John A. Carranza // Coronavirus, or COVID-19, has disrupted daily life for people around the world as medical experts, scientists, and nations rush to halt the spread of this virus. In the United States, Americans have put their lives on hold to practice social distancing and quarantine when infected. Grocery store employees, delivery service workers, and janitorial staff have assumed the primary, and risky, roles of keeping society operating.  Medical professionals, such as nurses, have also been key to addressing the pandemic. In fact, for World Health Day 2020, the World Health Organization (WHO) recognized the work of nurses and midwives on the frontlines of the pandemic response “providing high quality, respectful treatment and care, leading community dialogue…and, in some instances, collecting data for clinical studies.” Nurses bring a unique sense of expertise and compassion to the healthcare space.

On April 7, 2020, CNN reported a brief coronavirus update—a semi-permanent fixture on its homepage—about a nurse named Juliana Morawski who came out of retirement to offer her assistance in the pandemic. Morawski told the reporter, “I’ve never seen emergency departments or nursing or any of the services…under so much threat. And it’s a family. So when family is threatened, you try to step up as much as you can.” Morawski’s dedication and service to the sick are characteristics of the nursing profession. Furthermore, caring as a critical component of nursing has also been one of the features of the profession that evolved and was taught in nursing school curricula throughout the late 1980s and into the 1990s (Malka 128-131). These attributes were last brought into stark relief during the early years of the AIDS epidemic in the United States, where nurses offered a complete plan of care and engaged in discussions about the goals of their profession when stigma was attached to AIDS patients (McGarrahan 6-7).

The role of nurses in providing care and education during the coronavirus pandemic highlights what the anthropologist Victor Turner calls a social drama. For Turner, the manifestation of a social drama always highlights the divisions within society that are brought to a head when a crisis occurs. The crisis is resolved when the parties seek some form of redress that allow for the evaluation of society as a whole (Turner 10-11). Coronavirus has provided the crucial venue for this particular social drama to play out.

Where Americans seek leadership and reassurance, they find a government that is fractured and frequently at odds with other agencies. For example, President Trump (who has no medical credentials or education in public health) has advocated for the use of hydroxychloroquine, an unproven anti-malaria medication, over the objections of Dr. Anthony Fauci, who has been the director of the National Institute of Allergy and Infectious Diseases for more than thirty five years.

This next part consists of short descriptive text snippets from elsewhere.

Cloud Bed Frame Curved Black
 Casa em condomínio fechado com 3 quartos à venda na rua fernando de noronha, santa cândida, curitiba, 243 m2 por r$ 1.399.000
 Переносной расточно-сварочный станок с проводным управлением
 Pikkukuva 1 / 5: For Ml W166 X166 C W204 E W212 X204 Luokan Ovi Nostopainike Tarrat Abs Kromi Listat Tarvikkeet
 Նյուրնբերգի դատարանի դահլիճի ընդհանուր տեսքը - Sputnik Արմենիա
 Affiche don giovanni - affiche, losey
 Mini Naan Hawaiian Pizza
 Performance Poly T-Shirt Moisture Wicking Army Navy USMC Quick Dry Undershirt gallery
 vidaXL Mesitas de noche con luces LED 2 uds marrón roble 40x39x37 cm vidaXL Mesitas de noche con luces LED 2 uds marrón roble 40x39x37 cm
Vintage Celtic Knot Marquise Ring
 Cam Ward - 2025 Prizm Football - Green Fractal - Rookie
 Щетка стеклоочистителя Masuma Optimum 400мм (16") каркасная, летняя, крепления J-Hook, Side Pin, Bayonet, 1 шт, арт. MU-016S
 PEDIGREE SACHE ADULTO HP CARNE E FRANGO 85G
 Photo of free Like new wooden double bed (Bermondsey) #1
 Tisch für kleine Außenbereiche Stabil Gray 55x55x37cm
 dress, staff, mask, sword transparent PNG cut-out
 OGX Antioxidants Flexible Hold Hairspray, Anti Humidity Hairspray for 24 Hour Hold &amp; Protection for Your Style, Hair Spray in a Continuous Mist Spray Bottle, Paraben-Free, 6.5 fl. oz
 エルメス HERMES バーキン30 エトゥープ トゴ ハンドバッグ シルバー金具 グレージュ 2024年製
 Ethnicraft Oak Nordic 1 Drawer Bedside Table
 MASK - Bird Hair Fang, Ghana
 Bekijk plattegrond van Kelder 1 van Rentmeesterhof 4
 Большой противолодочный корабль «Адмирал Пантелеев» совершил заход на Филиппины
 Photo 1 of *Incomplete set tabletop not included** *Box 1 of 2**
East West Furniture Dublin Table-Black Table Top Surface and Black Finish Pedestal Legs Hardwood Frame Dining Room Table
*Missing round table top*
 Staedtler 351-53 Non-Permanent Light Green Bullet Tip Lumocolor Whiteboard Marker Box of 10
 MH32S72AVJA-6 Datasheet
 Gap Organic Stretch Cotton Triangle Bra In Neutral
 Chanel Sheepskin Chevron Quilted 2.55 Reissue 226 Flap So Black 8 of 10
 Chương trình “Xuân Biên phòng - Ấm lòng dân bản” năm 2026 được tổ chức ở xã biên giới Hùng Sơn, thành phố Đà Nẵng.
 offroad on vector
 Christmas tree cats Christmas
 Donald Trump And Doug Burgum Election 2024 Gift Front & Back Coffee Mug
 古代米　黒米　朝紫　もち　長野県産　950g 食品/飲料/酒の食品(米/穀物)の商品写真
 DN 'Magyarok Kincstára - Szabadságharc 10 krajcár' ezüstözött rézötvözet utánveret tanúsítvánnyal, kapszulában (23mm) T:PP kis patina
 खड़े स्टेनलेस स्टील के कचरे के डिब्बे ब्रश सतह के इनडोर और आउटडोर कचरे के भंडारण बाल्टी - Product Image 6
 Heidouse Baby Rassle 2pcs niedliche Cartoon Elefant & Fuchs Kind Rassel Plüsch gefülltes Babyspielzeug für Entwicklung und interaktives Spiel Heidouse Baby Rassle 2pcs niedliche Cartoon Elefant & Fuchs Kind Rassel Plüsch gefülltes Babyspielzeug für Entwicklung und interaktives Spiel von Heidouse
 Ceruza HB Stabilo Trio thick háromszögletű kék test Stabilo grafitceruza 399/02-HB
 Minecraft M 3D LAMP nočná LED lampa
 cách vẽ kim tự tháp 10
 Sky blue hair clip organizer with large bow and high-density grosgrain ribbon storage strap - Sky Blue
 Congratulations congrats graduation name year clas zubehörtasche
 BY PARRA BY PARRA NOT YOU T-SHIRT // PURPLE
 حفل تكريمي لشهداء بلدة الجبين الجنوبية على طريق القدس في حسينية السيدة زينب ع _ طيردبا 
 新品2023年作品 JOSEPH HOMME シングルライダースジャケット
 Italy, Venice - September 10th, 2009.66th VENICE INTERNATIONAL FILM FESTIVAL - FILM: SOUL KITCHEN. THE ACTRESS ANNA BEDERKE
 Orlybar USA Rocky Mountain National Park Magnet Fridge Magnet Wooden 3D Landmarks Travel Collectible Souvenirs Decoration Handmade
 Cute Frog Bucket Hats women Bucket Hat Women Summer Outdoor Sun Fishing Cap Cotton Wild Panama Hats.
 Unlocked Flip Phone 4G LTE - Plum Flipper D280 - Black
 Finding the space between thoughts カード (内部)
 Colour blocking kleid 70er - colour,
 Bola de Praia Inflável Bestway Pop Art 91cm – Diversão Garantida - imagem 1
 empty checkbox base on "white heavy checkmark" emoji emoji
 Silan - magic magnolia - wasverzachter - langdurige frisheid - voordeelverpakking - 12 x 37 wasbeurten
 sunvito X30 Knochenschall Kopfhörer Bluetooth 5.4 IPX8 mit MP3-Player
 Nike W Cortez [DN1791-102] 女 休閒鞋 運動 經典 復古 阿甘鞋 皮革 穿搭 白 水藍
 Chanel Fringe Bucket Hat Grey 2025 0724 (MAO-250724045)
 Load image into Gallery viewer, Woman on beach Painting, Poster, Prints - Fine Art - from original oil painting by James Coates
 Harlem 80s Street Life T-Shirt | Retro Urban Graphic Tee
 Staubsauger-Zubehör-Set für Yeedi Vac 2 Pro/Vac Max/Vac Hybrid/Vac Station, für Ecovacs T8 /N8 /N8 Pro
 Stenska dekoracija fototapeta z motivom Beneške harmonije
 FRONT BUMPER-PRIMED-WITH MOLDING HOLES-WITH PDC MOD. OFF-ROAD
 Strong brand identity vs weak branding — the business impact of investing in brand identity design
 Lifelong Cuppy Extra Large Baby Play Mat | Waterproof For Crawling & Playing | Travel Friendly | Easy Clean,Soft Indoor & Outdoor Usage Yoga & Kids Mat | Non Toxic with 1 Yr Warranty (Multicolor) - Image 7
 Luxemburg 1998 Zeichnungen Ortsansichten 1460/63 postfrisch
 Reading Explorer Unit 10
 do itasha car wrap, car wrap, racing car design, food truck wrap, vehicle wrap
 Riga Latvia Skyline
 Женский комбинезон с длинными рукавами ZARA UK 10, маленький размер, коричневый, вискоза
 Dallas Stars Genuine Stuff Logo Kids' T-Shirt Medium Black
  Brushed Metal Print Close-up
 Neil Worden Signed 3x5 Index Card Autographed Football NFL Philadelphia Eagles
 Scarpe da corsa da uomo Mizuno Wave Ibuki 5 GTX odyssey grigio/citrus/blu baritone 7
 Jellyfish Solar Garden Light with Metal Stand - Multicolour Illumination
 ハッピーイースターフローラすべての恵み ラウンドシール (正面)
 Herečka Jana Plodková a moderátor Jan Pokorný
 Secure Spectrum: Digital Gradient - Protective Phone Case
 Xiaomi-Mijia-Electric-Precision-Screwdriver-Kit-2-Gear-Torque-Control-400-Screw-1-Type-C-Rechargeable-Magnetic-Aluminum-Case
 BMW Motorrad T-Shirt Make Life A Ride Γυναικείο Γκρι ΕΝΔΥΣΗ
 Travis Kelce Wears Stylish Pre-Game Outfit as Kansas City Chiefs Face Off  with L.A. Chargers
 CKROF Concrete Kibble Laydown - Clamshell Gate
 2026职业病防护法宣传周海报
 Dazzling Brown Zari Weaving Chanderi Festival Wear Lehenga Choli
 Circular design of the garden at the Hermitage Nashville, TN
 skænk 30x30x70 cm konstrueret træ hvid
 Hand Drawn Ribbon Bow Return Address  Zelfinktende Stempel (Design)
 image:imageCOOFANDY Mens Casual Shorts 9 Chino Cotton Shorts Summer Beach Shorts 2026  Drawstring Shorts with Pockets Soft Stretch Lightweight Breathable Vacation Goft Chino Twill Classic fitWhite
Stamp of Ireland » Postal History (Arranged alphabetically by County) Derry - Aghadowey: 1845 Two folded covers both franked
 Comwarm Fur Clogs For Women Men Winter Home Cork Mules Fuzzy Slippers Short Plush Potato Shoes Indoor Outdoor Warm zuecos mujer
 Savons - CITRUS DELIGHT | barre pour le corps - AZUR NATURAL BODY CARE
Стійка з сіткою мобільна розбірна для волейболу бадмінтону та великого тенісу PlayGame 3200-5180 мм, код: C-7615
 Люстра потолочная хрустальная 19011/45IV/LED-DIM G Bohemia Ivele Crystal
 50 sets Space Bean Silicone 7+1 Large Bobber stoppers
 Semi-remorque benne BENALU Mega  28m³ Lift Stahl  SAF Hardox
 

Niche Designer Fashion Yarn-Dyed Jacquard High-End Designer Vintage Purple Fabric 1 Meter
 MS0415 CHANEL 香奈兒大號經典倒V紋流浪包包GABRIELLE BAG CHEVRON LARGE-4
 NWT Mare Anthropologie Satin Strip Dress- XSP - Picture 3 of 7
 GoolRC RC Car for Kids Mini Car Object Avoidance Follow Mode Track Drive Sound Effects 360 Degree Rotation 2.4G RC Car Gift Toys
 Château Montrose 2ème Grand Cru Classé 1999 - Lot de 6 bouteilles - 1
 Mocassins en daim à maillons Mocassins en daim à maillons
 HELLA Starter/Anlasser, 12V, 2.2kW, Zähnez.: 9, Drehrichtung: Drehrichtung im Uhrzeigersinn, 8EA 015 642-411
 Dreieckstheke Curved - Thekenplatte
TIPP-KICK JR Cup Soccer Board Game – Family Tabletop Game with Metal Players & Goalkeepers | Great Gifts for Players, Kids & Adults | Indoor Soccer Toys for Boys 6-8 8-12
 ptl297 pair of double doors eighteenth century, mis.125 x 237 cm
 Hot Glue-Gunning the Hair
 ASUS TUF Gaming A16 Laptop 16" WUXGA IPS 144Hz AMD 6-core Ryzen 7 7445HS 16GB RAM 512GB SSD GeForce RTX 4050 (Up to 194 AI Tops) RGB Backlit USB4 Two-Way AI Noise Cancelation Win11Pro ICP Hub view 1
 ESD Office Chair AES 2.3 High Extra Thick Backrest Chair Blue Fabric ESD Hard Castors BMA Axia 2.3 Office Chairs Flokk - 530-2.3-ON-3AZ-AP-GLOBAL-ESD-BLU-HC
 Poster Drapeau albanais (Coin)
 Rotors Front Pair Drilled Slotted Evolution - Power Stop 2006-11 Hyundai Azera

Where health insurance is tied to employment, many poorer Americans, especially those of racial minority groups, will be affected as they lose their jobs in large numbers and will not have access to crucial medical care. Along with a shortage in ventilators, is a shortage of respiratory therapists and medications used to sedate patients. However, in the face of instability, the one constant source of reassurance is the strength and trust in medical professionals such as nurses. Americans of all political stripes can look at the face of a nurse whose personal protective equipment has left deep purple bruises, and sympathize. These are the same people who might share in the pain of being unable to hug their children after a long day at work for fear of passing infection. The ability to empathize with healthcare workers is crucial for the steps that follow the peak of the epidemic.

The United States has yet to experience the worst of coronavirus infections within its borders, but there is no doubt that it will come to shape the future of the country. Rebecca L. Spang has reasoned that change in society is already underway and being ushered along by the pandemic itself. Those in positions to make the most of societal redress are nurses and other medical professionals on the frontlines of the fight against coronavirus by calling for improved healthcare and more cohesive plans in addressing future pandemics.

Works Cited

Malka, Susan Gelfand. Daring to Care: American Nursing and Second-Wave Feminism. University of Illinois Press, 2007.

McGarrahan, Peggy. Transcending AIDS: Nurses and HIV Patients in New York City. University of Pennsylvania Press, 1994.

Turner, Victor. From Ritual to Theatre: The Human Seriousness of Play. PAJ Publications, 1982.

For a more complete history of the early years of nursing in America, see:

Reverby, Susan. Ordered to Care: The Dilemma of American Nursing, 1850-1945. Cambridge University Press, 1987.